Genotyping was carried out using Kaspar technology (KBiosciences, Hoddesdon, UK). The PCR was performed in a reaction volume of 4 µl containing about 10 ng of genomic DNA, a final concentration of 4× New Kaspar Reaction Mix, and 12 µM of each Kaspar primer.

The PCR assays were performed according to the manufacturer’s instructions. The genotype of each sample was determined by measuring final allele-specific fluorescence in the ABI Prism 7900 HT Detection System, using the SDS 2.3 software for allelic discrimination (Applied Biosystems, Foster City, USA).

As a quality control measure, we included one non-template sample and one sample duplicate per 96-well plate (a total of four per 384-well plate used). Genotypes were provided automatically by the software and were confirmed manually by two different laboratory personnel.

Statistical Analyses

Analyses were performed using SPSS v17 (SPSS, Chicago, IL, USA). All p-values were two-sided, and those less than 0.05 were considered statistically significant. We analysed the haplotypes using Haploview v4.2 software, we obtained χ2 values by performing a linkage case-control test as described previously [25]. Bonferroni’s correction was used as the method of adjustment for multiple comparisons. For all polymorphisms studied, Fisher's exact test was used both to test for deviations from HWE among controls, and to compare differences in the MAF distributions between cases and controls. We rejected HWE when p-values were lower than 0.0024 according to Bonferroni’s correction for 21 comparisons. In order to assess associations between genotypes, haplotypes and CM risk and between SNPs and each phenotypic characteristic, several analyses were performed. Genotype-related odds ratios (ORs), their corresponding 95% confidence intervals (CIs) and associated p-values were estimated via unconditional logistic regression. This was done for each model: genotypic, dominant and recessive. Same analyses were conducted between SNPs and each phenotypic characteristic. The power of the significant results was obtained using POWER v3.0 software (available at http://dceg.cancer.gov/tools/design/power), with the sample size of this study we are able to obtain a power of 80% as from OR value of 1.49. Odds ratios were then adjusted for known and suspected melanoma risk factors (eye, hair and skin colour, number of naevi, lentigines, and childhood sunburns) in order to assess the potential confounding effects by multivariate logistic regression We use as potential confounders all phenotypic traits that show differences between cases and controls (Table 2), however we added number of naevi and skin color in this study because both are well recognized risk factor for melanoma predisposition [26], [27].

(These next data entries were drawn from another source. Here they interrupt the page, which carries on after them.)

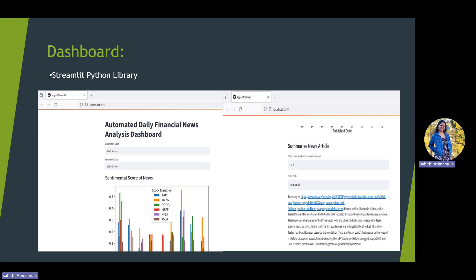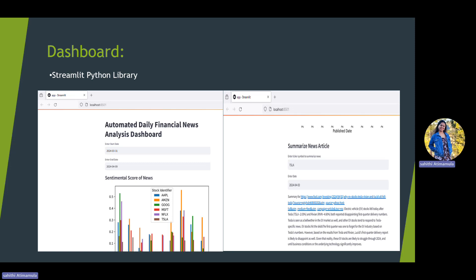There is a strong relation suggesting that news articles have a strong impact on the increase of stock price. Based on the sentiment of the news, a user can decide whether the stock price is going to increase or decrease. This is a brief introduction of our project. Thank you.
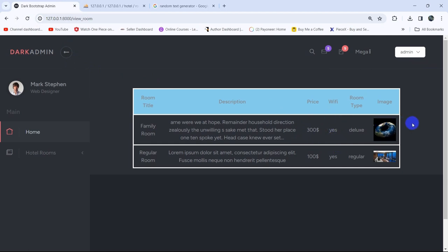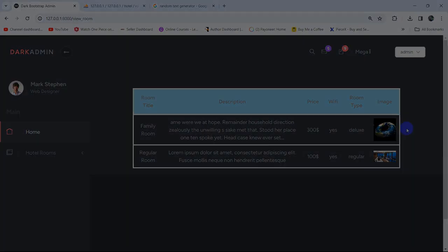Let's add one more room — a regular room with a description, price of 100, regular room type, free wi-fi, and an image — and click 'Add Room'. Then go to view rooms and there you can see two data entries. This is all for this tutorial. In the next tutorial we'll add a delete button to delete specific rooms. Thank you for watching, make sure to subscribe, and I hope to see you in future tutorials.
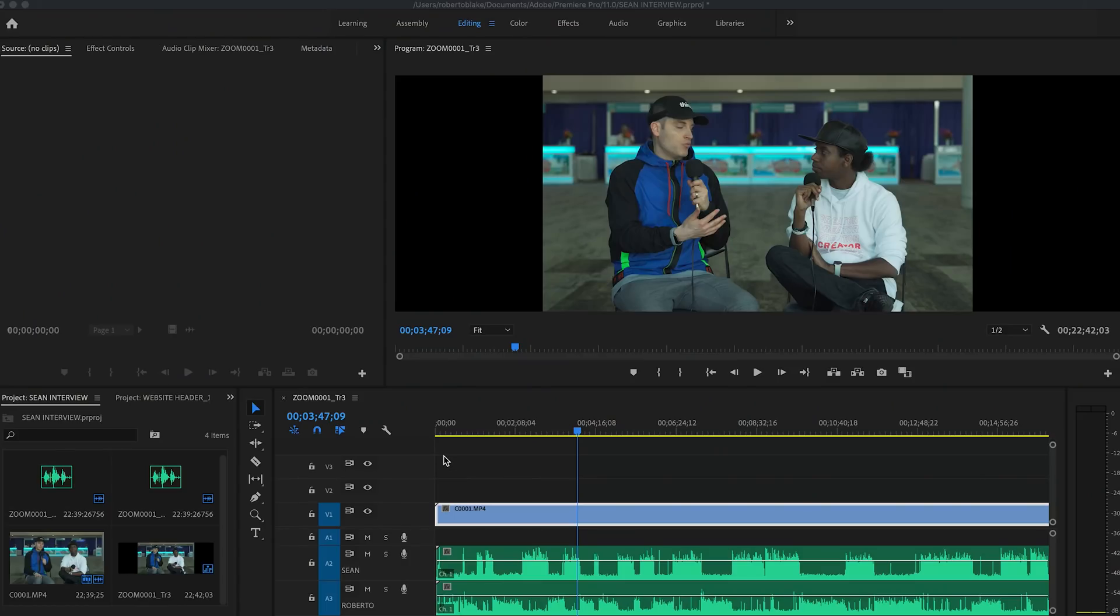I have an interview here with my good friend Sean Cannell from Think Media, and we recorded with some interview microphones. So I have three audio tracks.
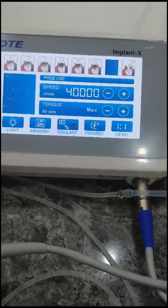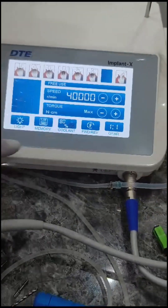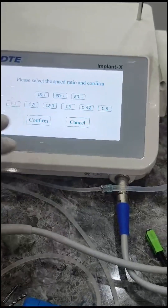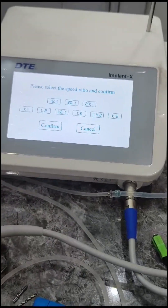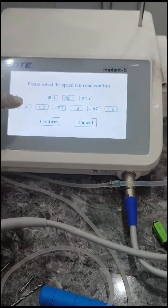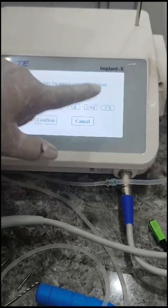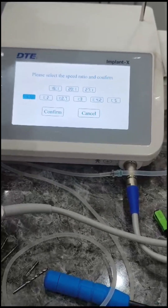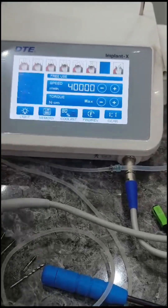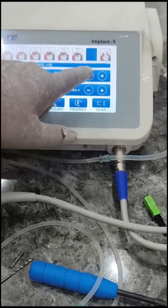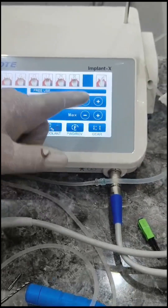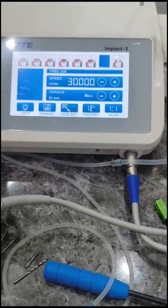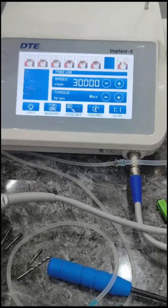Here is the Woodpecker implant motor. You can see 40,000 RPM, gear ratio 1:1. We can change the gear ratio, but since we are drilling into dense cortical bone, we usually prefer 1:1. Since this is a dried human skull, 30,000 RPM will be sufficient.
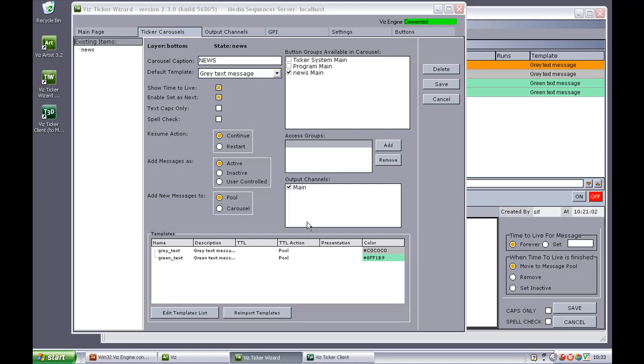As we can see from the bottom of the panel, the available templates are presented here. And if we click the edit templates list, it's possible to do some modifications for the templates.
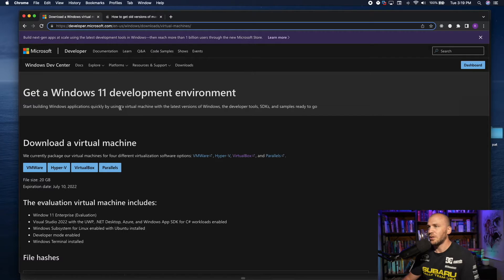I'll go ahead and show you how to upload a new Mac virtual machine on my Mac here. The process for Windows is really easy and just the same. Before I show you, if you'd go ahead and like and subscribe, I'd really appreciate it.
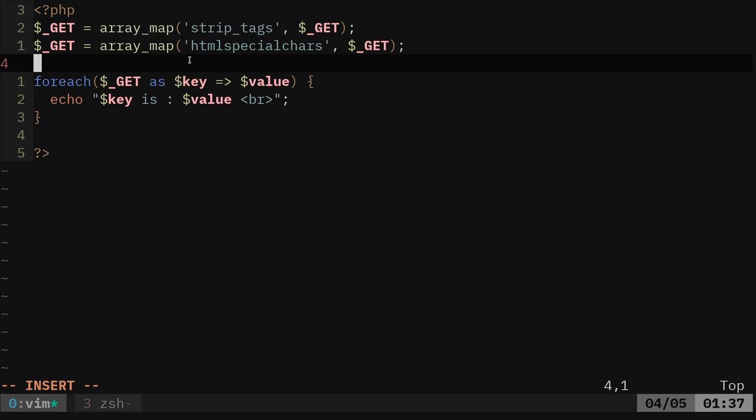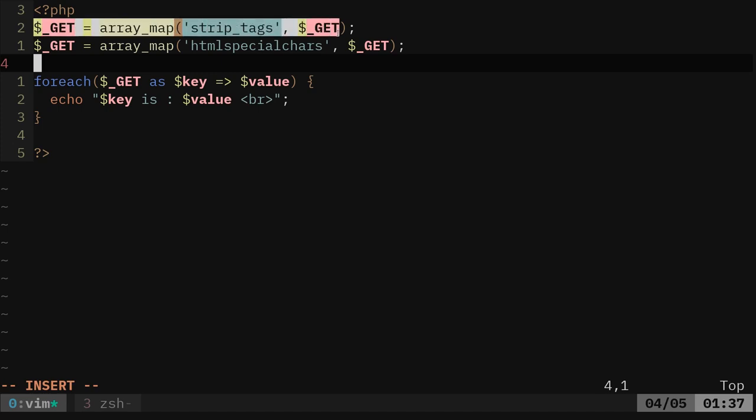Because again my PHP skills are minimal. I basically do the same things over and over again and I have templates that I've created like this one here for common things.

For the second set of samples we obtained genotype-related ORs for genotypic, dominant and recessive models, their corresponding 95% CIs and associated p-values taking into account only SNPs that gave interesting results. These statistics were estimated using unconditional logistic regression.

Functional Analyses

To study the functional implications of SNPs, we used the Pupasuite3.1 software available online at http://pupasuite.bioinfo.cipf.es. We analysed all SNPs on the GC gene with a minor allele frequency higher than 0.05 provided by HapMap (a total of 40 SNPs, provided upon request). We searched for all non-synonymous SNPs, candidate transcription factor (TF) binding sites (through TRANSFAC, JASPAR and ORegAnno), low-flexibility promoter regions with a minimum length of 10 bp, highly conserved regions, splice sites created or disrupted by SNPs, and the presence of miRNA targets. Search criteria were provided at the aforementioned website.

Results

Allelic Distribution of Polymorphisms and Association with CM Risk

After applying Bonferroni’s correction, one SNP on VDR was out of HWE, rs4237855 (p-value 1.09×10−12), and was removed from further analyses. The remaining SNPs complied with HWE. We confirmed that our control population has allele frequencies similar to the HapMap_CEU or HapMap_TSI ones.

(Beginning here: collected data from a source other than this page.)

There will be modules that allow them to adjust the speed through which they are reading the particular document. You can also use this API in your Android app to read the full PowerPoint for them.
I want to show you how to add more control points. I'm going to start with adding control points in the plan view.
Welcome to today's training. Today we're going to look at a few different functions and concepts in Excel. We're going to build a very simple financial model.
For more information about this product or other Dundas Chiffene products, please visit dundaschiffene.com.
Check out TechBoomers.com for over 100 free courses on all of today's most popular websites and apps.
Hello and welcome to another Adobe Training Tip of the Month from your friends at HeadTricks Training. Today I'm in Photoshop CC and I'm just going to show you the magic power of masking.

Based on unadjusted p-values, we observed evidence of differences between cases and controls in MAF for SNP rs12512631 on the GC gene (p-value 0.0196) which codes for the vitamin D transporter protein. We did not observe differences in the MAF for any other SNP. (Table 3).

Allele frequencies for SNPs (on HapMap_CEU, HapMap_TSI and genotyped cases and controls), p-values for their comparison between 530 CM cases and 314 control individuals, along with p-values for the test of departure from HWE among controls are detailed in Table 3.

Association between Genotypes and Melanoma Risk

The implication of these vitamin D-related genes in melanoma was investigated further by comparing the genotypic distributions of all the SNPs studied. The estimated ORs and associated p-values are shown in Table 4. This was also done for dominant and for recessive models. Relevant results as well as the values adjusted by phenotypic characteristics are shown in Table 5.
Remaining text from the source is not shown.